Thanks to King Arthur Flour, I can now make scones I'm actually willing to eat.

Until last week I never understood why people like scones. Scones are tough. Crumbly. So dry they're hard to get down, even when they're slathered with butter or jam.

Aren't they?

Turns out I'd never had a good scone.

Well, now I have. Thanks to the wonderful baking instructors at the King Arthur Flour Baking Education Center in Norwich, Vermont, I even know how to make good scones. And I'm going to do my best to teach you.

There are a few secrets to making light, moist scones:

1. Use the right amount of flour. If you weigh your ingredients for baking, you're okay here. But those of us who measure flour by volume usually end up adding too much flour (guilty!). A cup of flour should weigh 4.25 ounces. If you don't have a scale, use the fluff-sprinkle-level method demonstrated in the video below.

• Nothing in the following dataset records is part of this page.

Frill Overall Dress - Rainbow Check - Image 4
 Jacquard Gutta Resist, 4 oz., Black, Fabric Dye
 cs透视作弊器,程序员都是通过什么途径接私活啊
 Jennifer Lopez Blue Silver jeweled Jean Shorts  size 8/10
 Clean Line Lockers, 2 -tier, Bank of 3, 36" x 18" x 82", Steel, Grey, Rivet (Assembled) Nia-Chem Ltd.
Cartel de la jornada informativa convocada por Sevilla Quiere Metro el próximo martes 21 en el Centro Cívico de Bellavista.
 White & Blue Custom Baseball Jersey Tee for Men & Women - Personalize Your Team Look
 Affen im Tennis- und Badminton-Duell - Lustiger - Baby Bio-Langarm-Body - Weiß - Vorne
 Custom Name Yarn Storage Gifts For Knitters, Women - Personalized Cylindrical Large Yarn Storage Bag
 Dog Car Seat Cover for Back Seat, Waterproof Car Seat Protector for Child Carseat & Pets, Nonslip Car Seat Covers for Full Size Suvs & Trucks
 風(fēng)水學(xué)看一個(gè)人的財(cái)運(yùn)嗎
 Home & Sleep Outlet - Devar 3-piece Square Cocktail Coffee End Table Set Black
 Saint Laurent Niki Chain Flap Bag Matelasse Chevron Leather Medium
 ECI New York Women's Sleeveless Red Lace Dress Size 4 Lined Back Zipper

2. Keep the butter cold. I like rubbing in the butter with my fingers, but I have hot hands (all the time). You want the butter to stay cold when you cut it into the dry ingredients so it creates little pockets of steam as it bakes, keeping the scones light. Use a pastry blender, two knives, or quick bursts in a food processor. If you like flaky scones, stop when the biggest pieces of butter are the size of large peas. If you prefer cake-like scones, keep cutting in the butter until the dry ingredients look like wet sand.

3. Don't work the dough too much. Add your liquid, mix briefly, turn the dough out onto your work surface when it's shaggy and rough, then pat it quickly into a round with your hands. It will not look smooth. That's fine.

With these tips, I've now produced three batches of light, flaky, whole wheat scones, all made with King Arthur's white whole wheat flour. A whole-grain flour made from hard white spring wheat, it's lighter in color and more finely milled than traditional whole wheat flour, and it's my favorite flour for whole-grain baking.

The add-ins are up to you. At King Arthur I added dried apricots, crystallized ginger and chocolate chips. The batch pictured above has dried Calimyrna figs (rehydrated with a little Meyer lemon juice and zest), pistachios, and dark chocolate chips, because that's what I had in the pantry. You can use fresh fruit, but you'll want to cut down on the buttermilk a little to account for the extra moisture.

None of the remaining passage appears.